Abstract
Large language models (LLMs) frequently generate outputs that appear highly confident and articulate, yet they are prone to factual inaccuracies, flawed reasoning, and hallucinations, undermining their reliability in critical applications. As Burtsev et al. (2023) demonstrate, the probabilistic next-token prediction mechanisms underlying LLMs, combined with their limitations in genuine understanding and logical chaining, often result in persuasive but erroneous responses that users may accept at face value, creating significant risks of misapplication and overestimation of the technology’s capabilities (Burtsev et al., 2023).
Through research focused on solving these issues and improving LLMs, it has been found that increasing compute used at training time in an LLM results in a better outcome (Kaplan et al. 2020). Building upon this, it was concluded by Welleck et al. (2024) that scaling compute at inference-time through the use of sophisticated algorithms further results in LLMs producing better results. Current solutions to the problem of reliability amidst reasoning challenges build upon these prior conclusions and include improvements to chain-of-thought (CoT) prompting, and the newer chain-of-continuous-thought (Coconut) prompting. These approaches are increasingly effective at resolving the reliability issue, however, they still require additional training in order to achieve superior coverage-accuracy tradeoffs. In order to achieve these improved tradeoffs without increasing the amount of training required, NoisyCoconut was developed. NoisyCoconut leverages existing chain-of-continuous-thought models and additionally perturbs the hidden states in order to create several reasoning pathways that each explore a different region of the solution space. When these pathways agree with each other, it provides increased evidence that their answer is correct and improves the coverage-accuracy tradeoff (Jerge & Evans, 2026).
NoisyCoconut currently generates several independent branches of text responses. After shared latent reasoning passes, the model splits into a number of branches and each branch samples a complete answer using temperature and top-p sampling. A final answer is extracted from each branch's text output via pattern matching, and the most common answer across all branches is selected by majority vote. My contribution to Coconut is the implementation of an alternate method of aggregation. My aggregation replaces the majority voting with a probability mass approach that weights each branch by the model’s cumulative token-level certainty. Instead of treating each reasoning path as an equal vote, my method extracts the log-probabilities of every token generated within a branch and calculates its total exponential mass. This mass is then normalized against the total potential mass of all tokens across all branches. The final selection is then done by selecting the valid response with the highest accumulated mass.
Although completely unrelated to large-learning models, another important aspect in the world of Computer Science is the current disparity among what should be allowed through patent law in the video game industry. Many large corporations attempt to use patent law in order to secure minor monopolies for themselves and protect themselves from competition, however, these practices are often loosely founded in legality and negatively affect the growth of the industry.
I used actor-network theory (ANT) and historical case comparison in order to conduct my research into patent law in the video game industry.

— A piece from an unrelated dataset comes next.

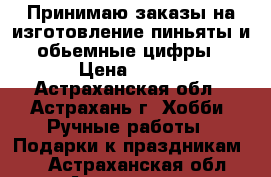 Принимаю заказы на изготовление пиньяты и обьемные цифры › Цена ­ 800 - Астраханская обл., Астрахань г. Хобби. Ручные работы » Подарки к праздникам   . Астраханская обл.,Астрахань г.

Actor-network theory was used to map the interactions of the corporate, independent, and legal actants in the industry and historical case comparison was employed by viewing historical legal cases on video game patents and comparing them to one another and more recent cases. Through my research I concluded that U.S. patent doctrines impact innovation stagnation, market consolidation, and consumer exploitation within the video game industry. The translation of everyday player behaviors into legally excludable “inventions,” the black-boxing of once-common game mechanics and genres, and the construction of defensive patent portfolios that enables cross-licensing among large firms all raise overwhelming barriers for independent developers and must be resolved in order to stop their negative influence on the industry.